● RECORDED INFORMATION:
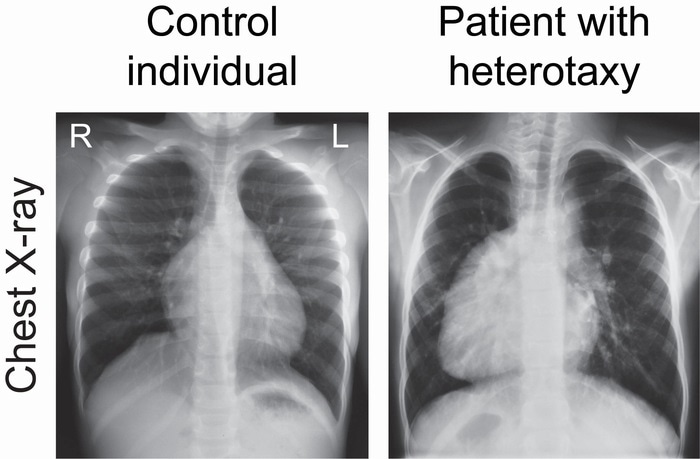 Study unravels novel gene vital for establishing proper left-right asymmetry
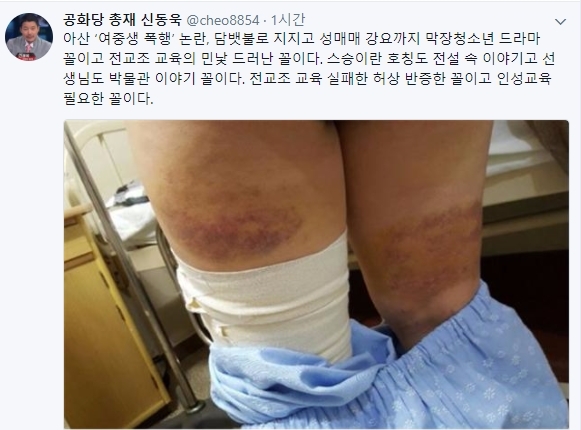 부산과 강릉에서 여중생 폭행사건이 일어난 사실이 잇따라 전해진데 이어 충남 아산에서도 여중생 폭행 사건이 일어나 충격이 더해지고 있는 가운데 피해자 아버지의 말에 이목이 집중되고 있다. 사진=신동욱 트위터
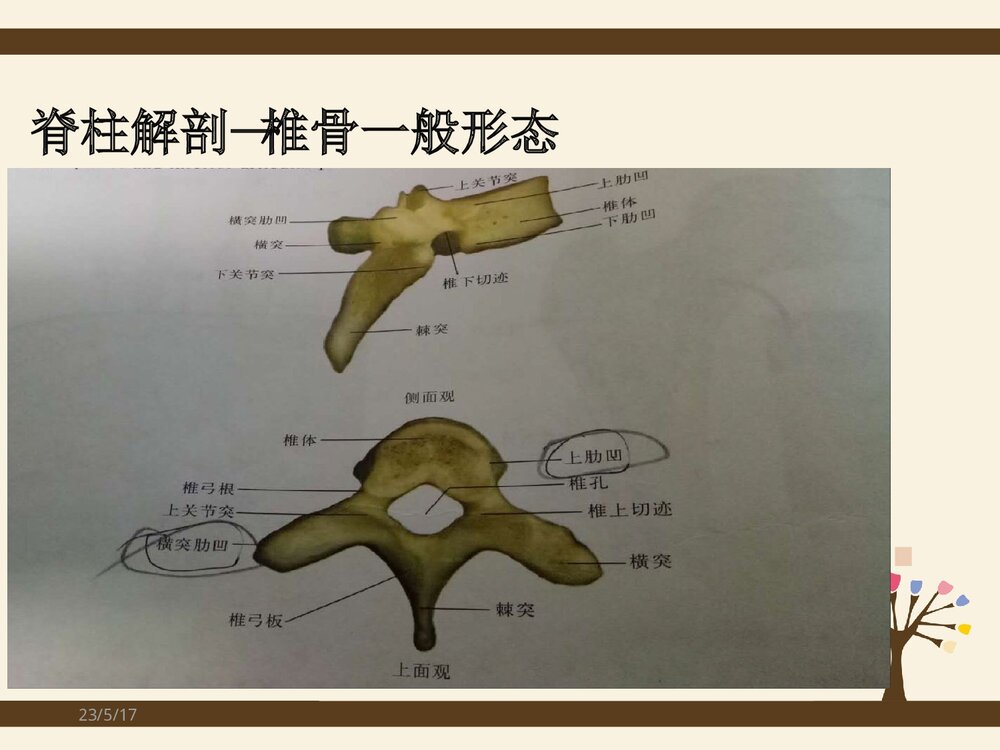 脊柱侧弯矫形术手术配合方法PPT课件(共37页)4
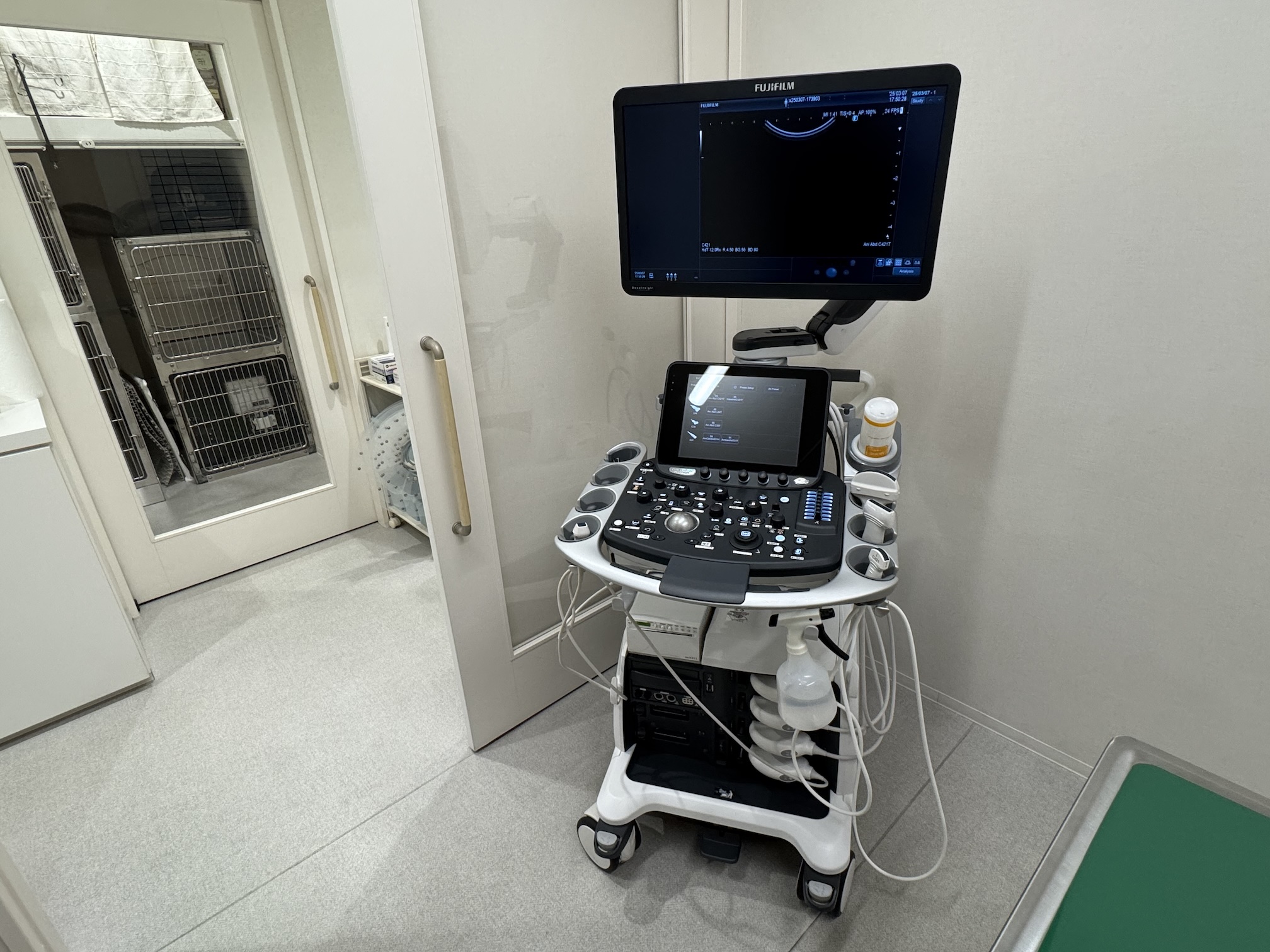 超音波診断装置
...
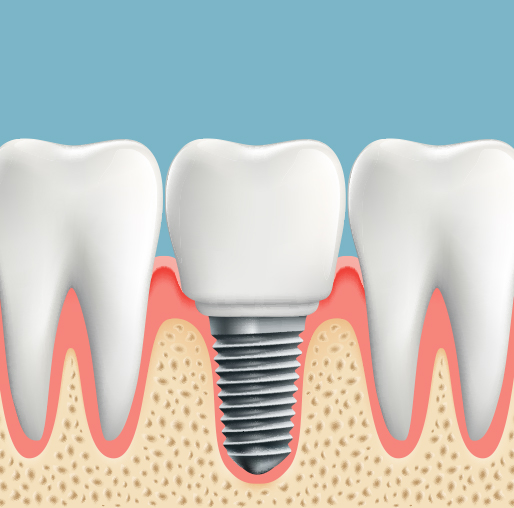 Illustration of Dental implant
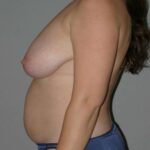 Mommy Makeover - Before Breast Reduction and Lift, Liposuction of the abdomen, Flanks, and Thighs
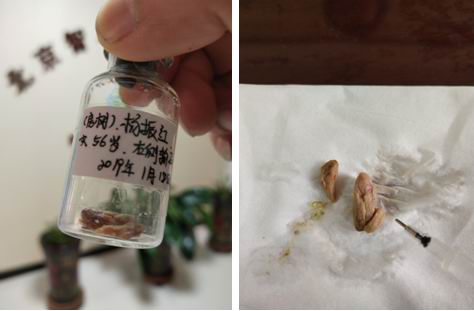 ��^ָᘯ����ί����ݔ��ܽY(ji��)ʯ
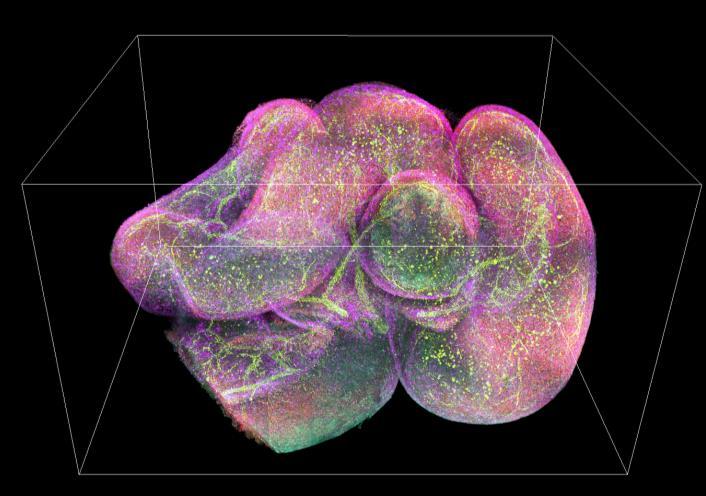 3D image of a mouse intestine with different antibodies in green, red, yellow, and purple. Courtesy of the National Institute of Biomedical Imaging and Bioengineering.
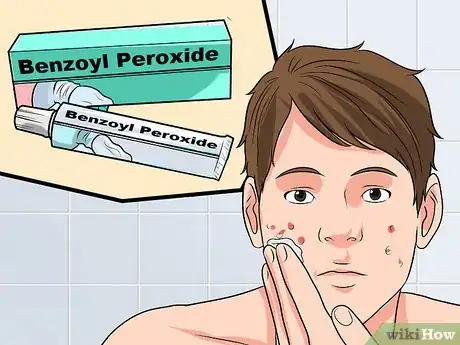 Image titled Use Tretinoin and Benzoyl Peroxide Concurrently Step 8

● ABOUT THIS TASK:
The answer is the lines above from the one with "Mommy Makeover - Before" to the one with "Image titled Use", set down exactly, with no pictures.

● EXERCISE RESPONSE:
 Mommy Makeover - Before Breast Reduction and Lift, Liposuction of the abdomen, Flanks, and Thighs
 ��^ָᘯ����ί����ݔ��ܽY(ji��)ʯ
 3D image of a mouse intestine with different antibodies in green, red, yellow, and purple. Courtesy of the National Institute of Biomedical Imaging and Bioengineering.
 Image titled Use Tretinoin and Benzoyl Peroxide Concurrently Step 8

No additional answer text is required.